Las democracias occidentales se estructuran sobre una plataforma legal donde confluye lo más elaborado del pensamiento positivo junto al sentimiento de tolerancia y piedad que introduce el cristianismo a través del Derecho de Gentes. De esta manera quienes vivimos en el marco de constituciones que tienen su raíz en el Derecho Romano somos herederos de unos paradigmas morales que tienen su centro en una justicia basada en la trasparencia de las relaciones entre el Estado y los ciudadanos, para así poder garantizar el dominio de la ley frente a cualquier tentación personalista de quienes ostenten el poder.
De esta forma nuestras interrelaciones cotidianas estas regidas por normas que contienen principios filosóficos y procedimientos instruidos por el pensamiento positivo donde lo verificable es la premisa fundamental del análisis teleológico. Pero mas allá de estas consideraciones superestructurales lo que sentimos los ciudadanos de a pie es que la democracia tiene que estar montada sobre verdades compartidas y observables y no sobre una retorica altisonante que ni responde a las exigencias de la Doctrina Constitucional ni a la lógica fogonera de quienes ocupamos las gradas del escenario político.
Cuando existe flagrancia en el incumplimiento de los deberes que la Ley le exige a los gobernantes el derecho de los ciudadanos queda en la práctica anulado y si a esto agregamos que se borran del menú oficial el conjunto de principios éticos, donde los inspirados en la religión son ineludiblemente cotidianos, tenemos como resultado una sociedad colapsada donde priva la ley del más fuerte, dejando a las mayorías excluidas de toda protección legal.
Por eso la violencia y la muerte en nuestro país es un drama endémico que genera tantas o más bajas que una guerra civil, por ello el llanto y la impotencia de madres viudas y huérfanos no logra traspasar lo noticioso porque para los gobernantes la inseguridad es un complot mediático que forma parte de una estrategia internacional que pretende acabar el vuelo humanista de la revolución.

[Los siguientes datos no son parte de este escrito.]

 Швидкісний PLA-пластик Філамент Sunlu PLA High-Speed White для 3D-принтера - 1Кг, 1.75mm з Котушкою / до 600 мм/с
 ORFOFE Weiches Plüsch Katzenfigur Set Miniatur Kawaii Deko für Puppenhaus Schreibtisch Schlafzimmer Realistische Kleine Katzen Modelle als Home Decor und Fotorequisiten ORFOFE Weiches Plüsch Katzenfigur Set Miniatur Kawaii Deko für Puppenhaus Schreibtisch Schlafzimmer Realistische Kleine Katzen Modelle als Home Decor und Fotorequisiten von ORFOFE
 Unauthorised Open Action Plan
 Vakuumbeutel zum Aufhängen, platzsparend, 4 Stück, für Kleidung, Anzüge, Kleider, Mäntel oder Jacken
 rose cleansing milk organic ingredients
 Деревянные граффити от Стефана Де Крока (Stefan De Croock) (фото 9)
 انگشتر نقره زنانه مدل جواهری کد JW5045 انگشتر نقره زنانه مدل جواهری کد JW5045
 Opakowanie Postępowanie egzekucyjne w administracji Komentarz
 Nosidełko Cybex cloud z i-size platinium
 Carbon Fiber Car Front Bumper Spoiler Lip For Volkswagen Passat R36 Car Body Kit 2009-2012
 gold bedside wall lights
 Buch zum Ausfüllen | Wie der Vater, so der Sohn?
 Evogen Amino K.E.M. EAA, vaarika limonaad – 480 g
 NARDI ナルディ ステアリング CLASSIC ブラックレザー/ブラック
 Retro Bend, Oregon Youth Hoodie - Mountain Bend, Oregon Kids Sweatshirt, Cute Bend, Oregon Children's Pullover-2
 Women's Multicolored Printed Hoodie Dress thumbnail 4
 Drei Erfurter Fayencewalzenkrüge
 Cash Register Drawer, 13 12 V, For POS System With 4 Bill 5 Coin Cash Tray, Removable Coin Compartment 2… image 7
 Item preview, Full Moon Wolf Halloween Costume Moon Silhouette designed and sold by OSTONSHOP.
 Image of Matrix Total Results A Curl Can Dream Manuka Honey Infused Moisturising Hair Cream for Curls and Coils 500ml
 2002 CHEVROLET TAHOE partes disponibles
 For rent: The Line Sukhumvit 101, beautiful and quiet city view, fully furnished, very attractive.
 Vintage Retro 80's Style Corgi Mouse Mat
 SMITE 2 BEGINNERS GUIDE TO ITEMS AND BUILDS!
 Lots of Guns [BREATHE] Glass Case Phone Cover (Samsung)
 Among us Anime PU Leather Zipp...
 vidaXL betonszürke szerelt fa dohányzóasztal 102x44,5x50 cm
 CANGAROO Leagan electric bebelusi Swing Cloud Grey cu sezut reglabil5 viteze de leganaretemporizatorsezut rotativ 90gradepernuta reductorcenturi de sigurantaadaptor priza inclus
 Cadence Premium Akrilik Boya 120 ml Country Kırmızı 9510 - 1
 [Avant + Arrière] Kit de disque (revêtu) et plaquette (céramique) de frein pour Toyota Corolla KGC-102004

Pero ojala y quienes están instalados en el Poder motivaran sus actuaciones en alguna teoría política sobre la cual pudiera debatirse y que el cruce de ideas pudiera concluir en una alguna síntesis benéfica para el país, ojala y que fueran los intelectuales de Aporrea quienes sujetaran las riendas de esta cabalgata frenética hacia ninguna parte, ya que al menos las reglas del juego estarían montadas sobre el pensamiento y no por las insondables aunque presumibles intenciones de los grandes jefes.
Vivimos en una democracia donde el secretismo nos ha relegado a la oscuridad. Nada que debamos saber nos es revelado si contraviene los intereses del Poder. Vivimos en el Dominio de lo Sórdido donde la violencia y la muerte de quienes nos refugiamos en apriscos es algo episódico que no requiere medidas especiales, mientras que la muerte de un dirigente del oficialismo es un magnicidio sobre el cual no se aceptan condolencias sino que se pretende convertir a los contrarios en un ditirambo que denosté al imperio, sin saber nadie quienes son los culpables del doloroso, deprorable y macabro crimen. Ahora vivimos bajo el dominio de lo sórdido, pero la luz se asoma. La espada de San Miguel se abre paso, estamos ganando.